Saudi-Arabien und Iran diskreditieren die arabischen Proteste

Der Mufti von Saudi-Arabien, Scheich Abdelasis al-Alscheich, hat in Riad geäußert, hinter den Revolutionen in Ägypten und Tunesien steckten "Feinde des Islam". Zur gleichen Zeit meinte der mächtigste Mann im Iran, Revolutionsführer Ayatollah Ali Chamenei, diese Aufstände seien ein "Zeichen des islamischen Erwachens" und eine Fortsetzung der Islamischen Revolution in Teheran 1979.

Beide Einschätzungen dieser namhaften Religionsführer sind in ihrer Gegensätzlichkeit schon bemerkenswert - und beide sind haarsträubend falsch.

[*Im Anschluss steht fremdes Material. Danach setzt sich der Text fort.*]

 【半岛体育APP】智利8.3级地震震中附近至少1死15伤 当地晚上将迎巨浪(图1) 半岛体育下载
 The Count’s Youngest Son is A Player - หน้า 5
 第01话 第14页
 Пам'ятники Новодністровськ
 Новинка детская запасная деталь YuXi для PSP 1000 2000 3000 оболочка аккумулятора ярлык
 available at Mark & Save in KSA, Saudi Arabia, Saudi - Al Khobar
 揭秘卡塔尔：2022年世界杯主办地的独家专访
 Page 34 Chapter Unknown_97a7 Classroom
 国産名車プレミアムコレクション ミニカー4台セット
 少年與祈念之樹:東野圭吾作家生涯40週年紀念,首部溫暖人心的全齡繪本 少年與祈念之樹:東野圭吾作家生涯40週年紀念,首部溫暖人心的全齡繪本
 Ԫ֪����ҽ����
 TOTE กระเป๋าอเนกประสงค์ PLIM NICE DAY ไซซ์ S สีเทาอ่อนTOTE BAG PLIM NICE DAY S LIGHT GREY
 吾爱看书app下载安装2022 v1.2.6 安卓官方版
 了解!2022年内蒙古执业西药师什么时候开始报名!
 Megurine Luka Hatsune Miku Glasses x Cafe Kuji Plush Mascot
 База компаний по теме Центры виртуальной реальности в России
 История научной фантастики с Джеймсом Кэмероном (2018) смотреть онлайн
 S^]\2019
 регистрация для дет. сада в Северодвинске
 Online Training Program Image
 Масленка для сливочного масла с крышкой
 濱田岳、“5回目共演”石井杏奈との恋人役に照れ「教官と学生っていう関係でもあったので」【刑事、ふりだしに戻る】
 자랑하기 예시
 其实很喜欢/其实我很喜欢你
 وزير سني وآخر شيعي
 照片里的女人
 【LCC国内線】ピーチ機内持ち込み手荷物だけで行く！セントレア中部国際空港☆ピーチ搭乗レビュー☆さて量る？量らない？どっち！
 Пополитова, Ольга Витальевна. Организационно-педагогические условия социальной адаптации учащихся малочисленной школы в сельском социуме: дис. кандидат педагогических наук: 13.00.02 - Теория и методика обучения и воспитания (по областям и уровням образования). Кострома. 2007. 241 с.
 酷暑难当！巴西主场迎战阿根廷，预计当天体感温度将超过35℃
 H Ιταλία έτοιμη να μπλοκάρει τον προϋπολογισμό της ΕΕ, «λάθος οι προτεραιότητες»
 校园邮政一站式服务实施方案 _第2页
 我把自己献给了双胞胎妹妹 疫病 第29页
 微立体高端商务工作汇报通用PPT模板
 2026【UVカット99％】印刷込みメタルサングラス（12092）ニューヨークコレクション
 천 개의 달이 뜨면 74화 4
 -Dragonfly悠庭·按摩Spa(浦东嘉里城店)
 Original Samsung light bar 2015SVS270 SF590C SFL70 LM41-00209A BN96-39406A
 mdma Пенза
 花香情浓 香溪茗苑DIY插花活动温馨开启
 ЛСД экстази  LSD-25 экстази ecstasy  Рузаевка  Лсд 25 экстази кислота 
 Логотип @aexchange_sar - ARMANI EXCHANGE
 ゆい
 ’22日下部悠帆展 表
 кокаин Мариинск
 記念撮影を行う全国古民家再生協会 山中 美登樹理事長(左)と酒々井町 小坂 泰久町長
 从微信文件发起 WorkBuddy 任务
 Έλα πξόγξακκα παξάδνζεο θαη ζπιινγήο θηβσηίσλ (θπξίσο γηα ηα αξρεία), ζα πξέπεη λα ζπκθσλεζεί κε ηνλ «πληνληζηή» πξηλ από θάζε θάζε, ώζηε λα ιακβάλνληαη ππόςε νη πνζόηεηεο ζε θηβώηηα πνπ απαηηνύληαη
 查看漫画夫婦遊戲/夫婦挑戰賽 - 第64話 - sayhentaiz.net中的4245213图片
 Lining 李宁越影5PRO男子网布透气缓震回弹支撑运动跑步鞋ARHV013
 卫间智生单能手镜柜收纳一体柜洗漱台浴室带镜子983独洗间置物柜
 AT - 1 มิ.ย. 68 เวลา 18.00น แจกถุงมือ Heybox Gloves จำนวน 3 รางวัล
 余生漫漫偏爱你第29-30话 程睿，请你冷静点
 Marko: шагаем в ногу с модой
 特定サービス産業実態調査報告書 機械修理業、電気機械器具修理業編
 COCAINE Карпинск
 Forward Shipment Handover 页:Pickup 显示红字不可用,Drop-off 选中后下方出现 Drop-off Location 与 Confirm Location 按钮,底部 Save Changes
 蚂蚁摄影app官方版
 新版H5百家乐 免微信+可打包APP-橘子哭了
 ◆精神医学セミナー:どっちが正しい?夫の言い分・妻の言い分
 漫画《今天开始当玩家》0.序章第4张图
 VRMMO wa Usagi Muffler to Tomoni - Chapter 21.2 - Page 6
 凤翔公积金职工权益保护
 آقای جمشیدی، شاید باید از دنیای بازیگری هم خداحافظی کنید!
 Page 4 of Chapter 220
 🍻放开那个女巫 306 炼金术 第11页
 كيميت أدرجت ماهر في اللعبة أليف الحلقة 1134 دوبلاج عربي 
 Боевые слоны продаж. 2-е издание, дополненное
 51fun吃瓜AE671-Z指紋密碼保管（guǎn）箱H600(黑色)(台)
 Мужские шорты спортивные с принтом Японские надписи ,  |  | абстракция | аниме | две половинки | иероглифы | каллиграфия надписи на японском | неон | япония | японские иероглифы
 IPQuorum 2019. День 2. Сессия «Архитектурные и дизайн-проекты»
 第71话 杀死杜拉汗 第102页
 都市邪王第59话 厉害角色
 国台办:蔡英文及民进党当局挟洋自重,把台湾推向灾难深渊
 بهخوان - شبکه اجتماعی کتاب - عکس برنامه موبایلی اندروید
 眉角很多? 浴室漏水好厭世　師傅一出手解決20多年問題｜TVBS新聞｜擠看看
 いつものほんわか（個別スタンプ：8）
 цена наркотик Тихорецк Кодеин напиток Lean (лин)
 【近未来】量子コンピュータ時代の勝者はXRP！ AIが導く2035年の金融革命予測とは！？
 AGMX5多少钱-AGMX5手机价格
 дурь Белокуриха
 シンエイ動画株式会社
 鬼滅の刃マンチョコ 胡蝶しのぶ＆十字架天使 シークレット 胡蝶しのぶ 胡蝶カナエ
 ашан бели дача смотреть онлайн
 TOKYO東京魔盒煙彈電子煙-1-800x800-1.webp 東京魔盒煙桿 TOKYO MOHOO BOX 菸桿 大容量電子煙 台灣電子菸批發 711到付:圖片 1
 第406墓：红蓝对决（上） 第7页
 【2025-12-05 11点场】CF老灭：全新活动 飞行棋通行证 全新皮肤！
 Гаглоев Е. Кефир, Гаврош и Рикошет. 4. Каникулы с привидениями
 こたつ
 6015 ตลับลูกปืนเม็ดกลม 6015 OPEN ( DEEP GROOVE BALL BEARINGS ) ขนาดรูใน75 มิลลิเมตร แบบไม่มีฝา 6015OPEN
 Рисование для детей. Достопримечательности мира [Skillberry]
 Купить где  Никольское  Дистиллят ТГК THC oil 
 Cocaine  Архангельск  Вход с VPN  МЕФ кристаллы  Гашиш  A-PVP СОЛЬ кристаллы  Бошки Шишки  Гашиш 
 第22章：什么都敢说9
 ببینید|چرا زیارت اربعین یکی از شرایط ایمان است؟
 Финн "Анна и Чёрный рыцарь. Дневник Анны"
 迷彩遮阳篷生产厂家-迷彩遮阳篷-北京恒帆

Die Revolutionen in der arabischen Welt sind keineswegs islamfeindlich, denn sie richten sich ja nicht gegen den Islam, sondern ausschließlich gegen korrupte Gewaltregime. Allerdings sind sie auch nicht religiös motiviert - wie Chamenei vermutlich wider besseres Wissen behauptet.

Die Volksaufstände sind rein sozioökonomischer Natur; es geht den Menschen um Nahrung und Bildung, um Redefreiheit und Demokratie, um ein Ende von Unterdrückung und Korruption. Mit Religion hat dies wenig zu tun. Die ägyptischen Muslimbrüder sind erst sehr spät und recht widerstrebend auf den Revolutionszug aufgesprungen. Alscheich geht es darum, die Proteste zu diskreditieren; Chamenei darum, die Aufstände für seine Propaganda zu instrumentalisieren. Dahinter steckt die Angst zweier Regime, die in jeder Hinsicht noch weit repressiver und korrupter sind als jene in Ägypten und Tunesien.